Il prévoit ainsi la reconnaissance d’un certain nombre d’appelations géographique protégées. L’accord comprend ainsi une liste de près de 2 000 appellations de vins et spiritueux, tels que le Prosecco, la Polska Wodka, le Champagne et le Tokaji. On parle également de 163 produits traditionnels dont les fromages Asiago, Feta, Comté ou encore le jambon Istarski prsut.
Plusieurs produits laitiers, viande bovine et ovine, éthanol et maïs doux seront par ailleurs soumis à des règles spécifiques, avec des importations à des taux de droit zéro ou réduits en provenance de Nouvelle-Zélande pour des quantités limitées au moyen de contingents tarifaires. Toujours de source européenne, ces contingents s’ajoutent à ceux existant déjà et validés par l’OMC (Organisation mondiale du commerce).
Ainsi, l’UE va augmenter de 10 000 tonnes son quota d’importation de bœuf néo-zélandais (carcasse et os), soit environ 7 000 tonnes de viandes consommables et 0,15 % de la consommation européenne. S’agissant de la viande ovine, il est question de 38 000 tonnes supplémentaires (sur les 126 000 tonnes déjà mises en place), soit 6 % de la consommation européenne.
Pour le beurre, 15 000 tonnes supplémentaires seront accordées, soit 0,7 % de la consommation européenne. Quant à l’éthanol, il s’agit de 4 000 tonnes en plus, soit 0,01 % de la consommation européenne.

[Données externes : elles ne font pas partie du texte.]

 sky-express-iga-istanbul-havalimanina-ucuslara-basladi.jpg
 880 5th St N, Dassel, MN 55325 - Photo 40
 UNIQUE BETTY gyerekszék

Inquiétudes et critiques des éleveurs français
Ces augmentations des quotas n’ont pas manqué de susciter des réactions immédiates des producteurs français.

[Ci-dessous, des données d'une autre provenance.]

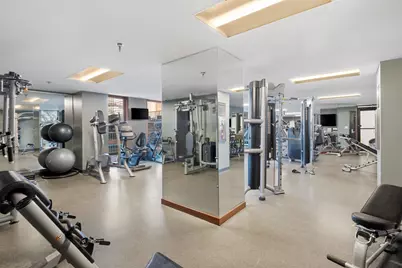 433 S 7th St #1814, Minneapolis, MN 55415 - Photo 30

« C’est de la concurrence déloyale, s’emporte Michèle Boudoin, présidente de la Fédération nationale ovine, interrogé par nos confrères du Monde. Et d’ajouter : « si le gigot originaire de Nouvelle-Zélande est trois fois moins cher que celui de France, c’est, entre autres, parce qu’on n’a pas les mêmes normes environnementales et sociales. »

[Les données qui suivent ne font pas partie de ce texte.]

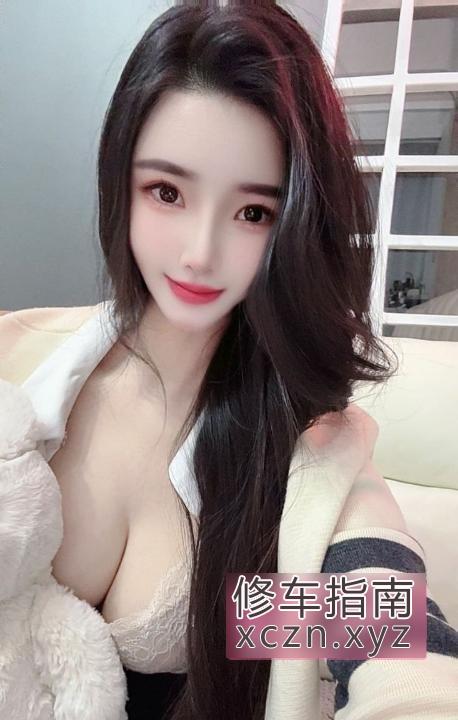 [甘肃-兰州]舌吻御姐七夏老师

Les éleveurs s’insurgent aussi de l’utilisation de pesticides dans les prairies d’élevage alors qu’ils sont interdits en Europe. Un argument balayé par la source européenne. « Les éleveurs néo-zélandais devront respecter les mêmes normes que ce soit dans l’utilisation des antibiotiques, le bien-être animal, l’abatage et aussi le transport », détaille cette dernière, interrogé par le Moci.
Des aspects géopolitiques
Alors que les tensions diplomatiques se font de plus en plus sentir en Asie-Pacifique avec la Chine (qui représente 30 % de ses exportations), la Nouvelle-Zélande pour sa part s’est trouvé un nouveau partenaire commercial.
L’UE, de son côté, veut renforcer sa présence dans la région Asie-Pacifique, haut lieu du commerce international. Fin mai, le président américain Jo Biden a annoncé la création d’un nouveau Partenariat économique avec douze pays de cette zone (dont la Nouvelle-Zélande, le Japon, l’Australie), tout en excluant la Chine.
Les prochaines étapes
Quelles seront les prochaines étapes ?
Si l’accord politique entre l’UE et la Nouvelle-Zélande est acquis, les projets de textes négociés n’ont pas encore été publiés. On trouve sur le site de la Commission européenne ces textes, qui doivent encore faire l’objet d’une révision juridique, et seront ensuite traduits dans toutes les langues officielles de l’UE.
La Commission européenne devra ensuite soumettre l’accord au Conseil pour signature et conclusion. Une fois l’accord adopté, les deux parties pourront le signer. Après signature, le texte sera transmis au Parlement européen pour approbation. Après cette étape, et une fois que la Nouvelle-Zélande l’aura ratifié, l’accord pourra entrer en vigueur.